Lana gadis mungil itu duduk didepan teras rumah dengan melamun dan sesegukan. Pertengkaran orangtuanya tadi membuat ia begitu syok terkejut.
Ayahnya menghampiri gadis mungil itu. Ia berjongkok menyamakan tingginya dengan Lana putri kecilnya, mengusap puncak kepala Lana lembut. Lana yang tersadar mendongak menatap sang ayah.
"Ayah, ayah kenapa teriak-teriak sama ibu?,Lana takut." gadis mungil itu bertanya membuatnya kembali menangis.
"Hikss ayah jahat"
Ayahnya hanya diam namun tangannya menghapus air mata Lana lembut.
"Anak ayah tidak boleh menangis." ujarnya tanpa menjawab pertanyaan Lana."Lana mau main bola?" tanya sang ayah membuat Lana behenti menangis.
Gadis itu melihat ayahnya yang tersenyum sembari memberikan sebuah bola padanya. Lana terlihat ragu namun kesukaannya pada bola membuat gadis kecil itu menerimanya.
"Oke gadis kecil, Let's go!" Ayah Lana mengangkat Lana lalu menggendong gadis itu di kedua pundaknya.
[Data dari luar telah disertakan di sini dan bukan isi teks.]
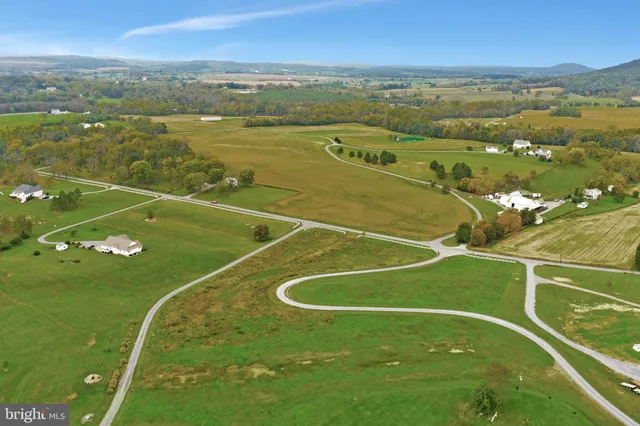 a view of a tennis court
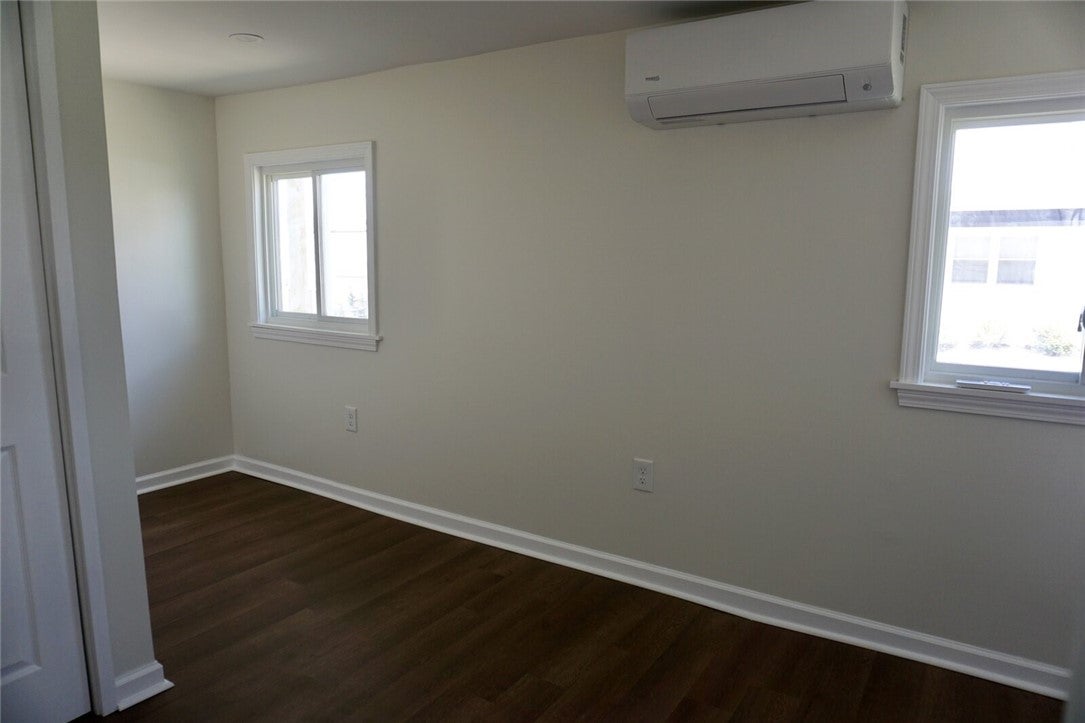 11 E. Amanda Ave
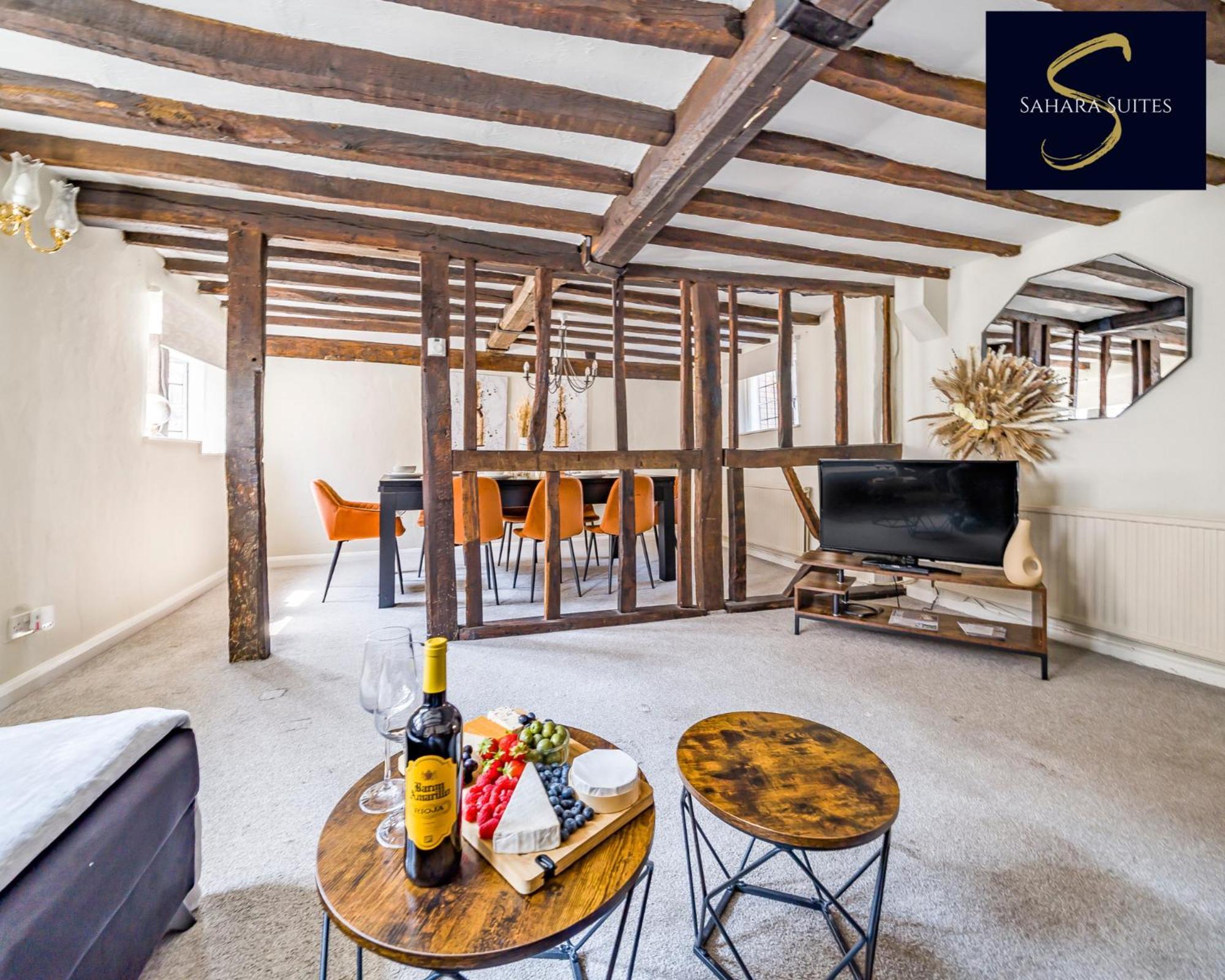 Royal Shack 3 Bed Parking * Windsor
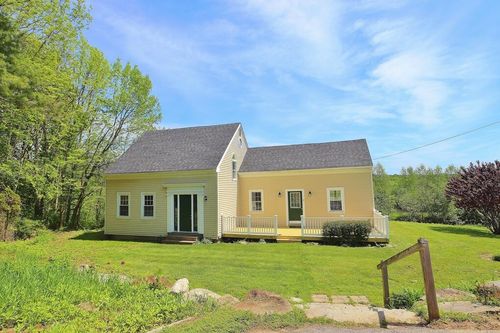 8 Strawberry Lane, Rockport, ME, 04856 | Card Image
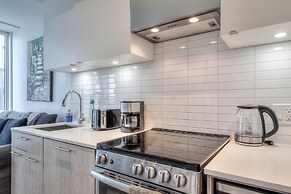 Dundas East Hotel & Suites Toronto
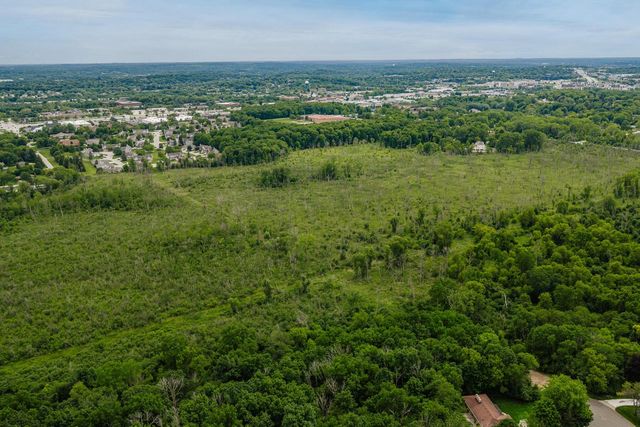 1345 Hickory Hill LANE, Brookfield, WI 53045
Lana tertawa kecil dengan perlakuan manis ayahnya. Ia berpegangan pada kepala ayahnya sambil kualahan membawa bolanya.
"Let's go!" ujar gadis kecil itu mengikuti ayahnya, lupa begitu saja dengan kejadian yang baru terjadi.
Lelaki itu adalah Ayah Lana, lelaki yang nakal, urakan, dan tidak bertanggung jawab. Kerjanya yang hanya mabuk, judi, berkerja mencari uang baginya hal yang diremehkan. Selama ini Ibu Lana lah yang bekerja membanting tulang untuk keluarga kecil mereka. Meski begitu Ayah Lana adalah sosok ayah yang begitu baik pada anaknya, ia begitu menyayangi dan mengasihi Lana. Entah apa yang dipikirkannya dan entah apa yang akan terjadi pada keluarga kecil mereka.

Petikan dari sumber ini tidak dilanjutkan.